At system startup, the freelists for untagged and tagged pages are empty, and the Tag Block freelist contains all available Tag Blocks described by the device tree or ACPI.
When a page is needed, the allocator first checks the appropriate page freelist (tagged or untagged). If no pages are available, a Tag Block is taken from the Tag Block freelist and converted into page freelist entries: 32 tagged pages (Data Pages) or 33 untagged pages (Data Pages + Tag Page).
If no Tag Blocks are available either, the other page freelist is searched for groups of pages that may be converted into Tag Block freelist entries. Any groups found are removed from the page freelist and added to the Tag Block freelist, after performing a Tag Storage Clean operation on the Tag Block.
If that operation fails to create Tag Blocks, we asynchronously start a compaction operation on the other page freelist where pages are consolidated into Tag Blocks, and the newly freed up Tag Blocks are Tag Storage Cleaned and added to the Tag Block freelist.
While the compaction is taking place, we can immediately return untagged pages from the tagged freelist. To return a tagged page, we can look through the normal freelist for two pages. One of them must not be a tag page, and the other can be any page. Migrate the first page's tag page (if not free) to the second page, and return the first page.
If that operation also fails to create Tag Blocks, it means that we are out of memory and it should be handled like any other OOM condition.

Hypervisor design

This describes how a hypervisor may be built on top of a kernel supporting the dynamic tag storage feature.
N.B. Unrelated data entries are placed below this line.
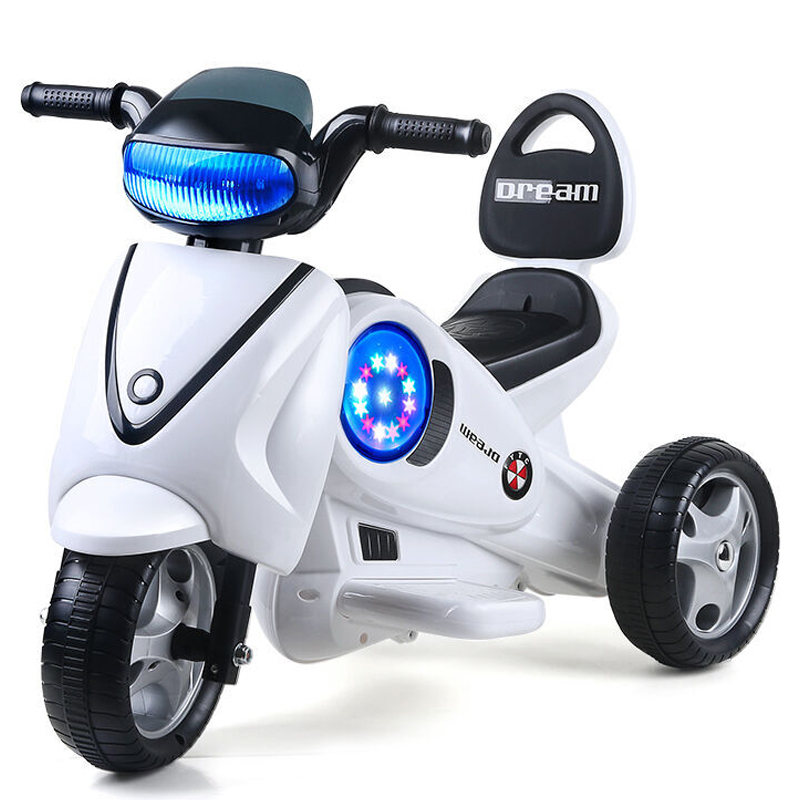 高档儿童电动摩托车宝宝三轮车充电玩具车可坐人小男女孩3-6岁童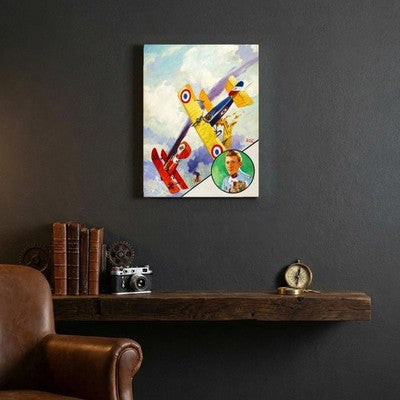 Rudolph Belarski Aces 1932 WWI Dogfight Canvas Wall Art 24x32 Stretched 3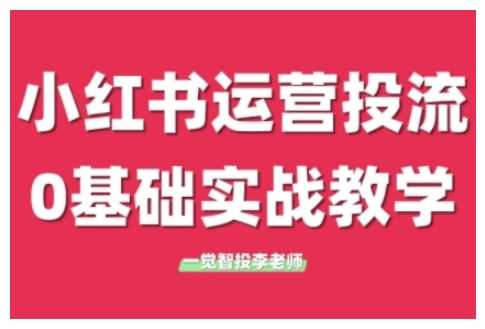 小紅書運(yùn)營(yíng)投流，小紅書廣告投放從0到1的實(shí)戰(zhàn)課，學(xué)完即可開始投放-淘米項(xiàng)目網(wǎng)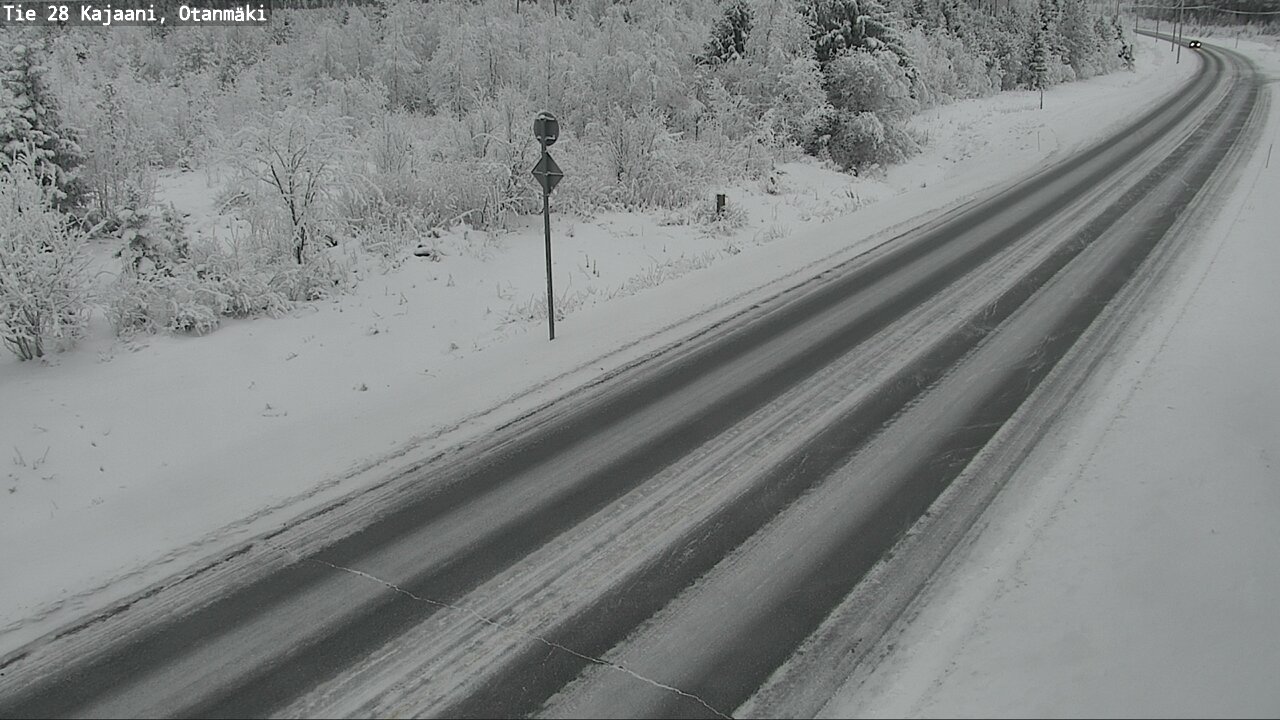 Weather Camera Image Road 28 Kajaani, Otanmäki, Kajaani, Kainuu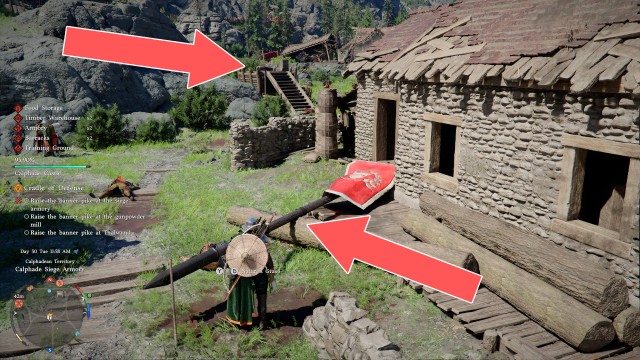 Raise the banner pike at the siege armory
A data abort or instruction abort, taken to EL2, in any part of a page, shall result in the allocation of a page from the tagged page freelist to the guest. This allows MTE to be used in the guest, but the underlying Tag Pages would not be exposed, so there would still be memory overhead from the unused Tag Pages, but only for those pages handed to the guest.
Donating a page to the guest shall result in the corresponding Tag Page being hidden from the guest via stage 2 page tables. This will not result in the guest losing access to the tags in the other Data Pages in the Tag Block, because accessing tags via tag load/store instructions does not require permission to access the Tag Page, only the Data Page.
Alternatively, if MTE is not enabled in the guest, pages handed to the guest may be allocated from the untagged page freelist, including Tag Pages.

Alternatively, a hypervisor may virtualize the dynamic tag storage feature, which would allow the guest to make use of unused tag storage, at the cost of requiring memory to be handed to the guest in Tag Block sized chunks, potentially requiring compaction:

Instead of virtualizing pages, the hypervisor virtualizes Tag Blocks. A device tree or ACPI table entry created by the hypervisor describes the location of the virtualized tag storage, so that the guest operating system knows the locations of the virtualized Tag Blocks.
A data abort or instruction abort, taken to EL2, in any part of a virtualized Tag Block, shall result in the allocation of a physical Tag Block to the guest operating system. Both the Data Pages and the Tag Page will be exposed at the corresponding IPAs of the virtualized Tag Block via stage 2 page tables.
If necessary, the hypervisor may remove a virtualized Tag Block from the stage 2 page table (e.g. if the Tag Block needs to be swapped out). When doing so, it shall perform a Tag Storage Clean operation before accessing the Tag Block directly.
If a data abort or instruction abort is taken on a virtualized Tag Block that was previously removed from a stage 2 page table, the data will need to be restored to a physical Tag Block. The data may be restored to any available physical Tag Block, relying on the second hardware requirement for relocatable Tag Blocks to ensure that tags are preserved.
Hardware that only supports the base hardware requirements and not the requirements for relocatable Tag Blocks may only support guests that do not release physical memory to the host, or only do so cooperatively. For example, this is how protected VM guests work.